С женой разрешилось само собой. На второй день после «рекогносцировки» с утра лил дождь, похолодало, настроение у него было подавленное, казалось, что все напрасно, ничего не выйдет… Вечером жена объявила ему, что намерена устроить какую-то грандиозную вечеринку с приглашением необыкновенно нужных людей; он мрачно попросил избавить его от участия в ней, а когда жена надменно осведомилась, когда он перестанет бить баклуши и займется делом, он, не сдержавшись, наговорил ей колкостей. Слово за слово — разразился скандал, каких между ними еще не было. Разгневанная жена ушла к матери, заявив, что не вернется, пока не услышит мольбу о прощении.

Он был выбит из колеи, но. подумав, махнул рукой: нет худа без добра, теперь никто не мог помешать ему, и настал наконец решающий час. «Пора. Завтра ночью», — сказал он сам себе и ощутил, как учащенно и гулко заколотилось сердце.

4

4

Ночь выдалась студеной и звездной. По асфальту, гонимые осенним ветром, ползли сухие, скрюченные листья. Их мертвенный шорох действовал на него угнетающе. «Как на панихиду плетутся, сволочи», — зло отметил он, наглухо застегивая «молнию» куртки и закуривая, чтобы унять бивший его озноб. Сев в свои «Жигули», он развернулся и поехал по пустынным улицам к центру. В машине он немного согрелся и успокоился, лихорадка постепенно прошла. Не доезжая двух кварталов до дома Мальцевых, он остановился, отыскал телефонную будку и позвонил. Ответа не было. Он подождал минут десять и снова набрал номер. На этот раз тоже никто не ответил. Тогда он вышел из будки и поехал дальше.

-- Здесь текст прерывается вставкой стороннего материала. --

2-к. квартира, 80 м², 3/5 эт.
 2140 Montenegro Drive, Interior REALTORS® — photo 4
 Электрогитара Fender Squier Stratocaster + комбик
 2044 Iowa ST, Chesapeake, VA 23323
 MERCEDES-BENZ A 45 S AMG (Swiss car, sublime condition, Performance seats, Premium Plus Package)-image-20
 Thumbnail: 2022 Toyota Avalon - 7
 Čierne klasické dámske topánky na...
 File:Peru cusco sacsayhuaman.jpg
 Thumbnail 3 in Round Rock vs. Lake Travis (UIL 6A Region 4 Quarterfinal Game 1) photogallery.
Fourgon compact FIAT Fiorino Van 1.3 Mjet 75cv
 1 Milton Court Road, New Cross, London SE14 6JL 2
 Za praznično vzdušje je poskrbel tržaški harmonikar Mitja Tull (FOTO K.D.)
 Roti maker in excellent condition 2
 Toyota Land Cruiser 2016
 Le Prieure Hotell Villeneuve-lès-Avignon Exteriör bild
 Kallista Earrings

Он поставил машину в узеньком, тускло освещенном переулке, достал из ящичка плоскую флягу с коньяком, сделал жадный глоток, чувствуя обжигающую влагу, и немного посидел, вслушиваясь в хрупкую ночную тишину. Потом стал быстро и умело собираться: натянул поверх кед капроновые чулки, надел перчатки из тонкой эластичной кожи, взял продолговатый электрический фонарь. Отмычки у него были на поясе, в небольшой сумке.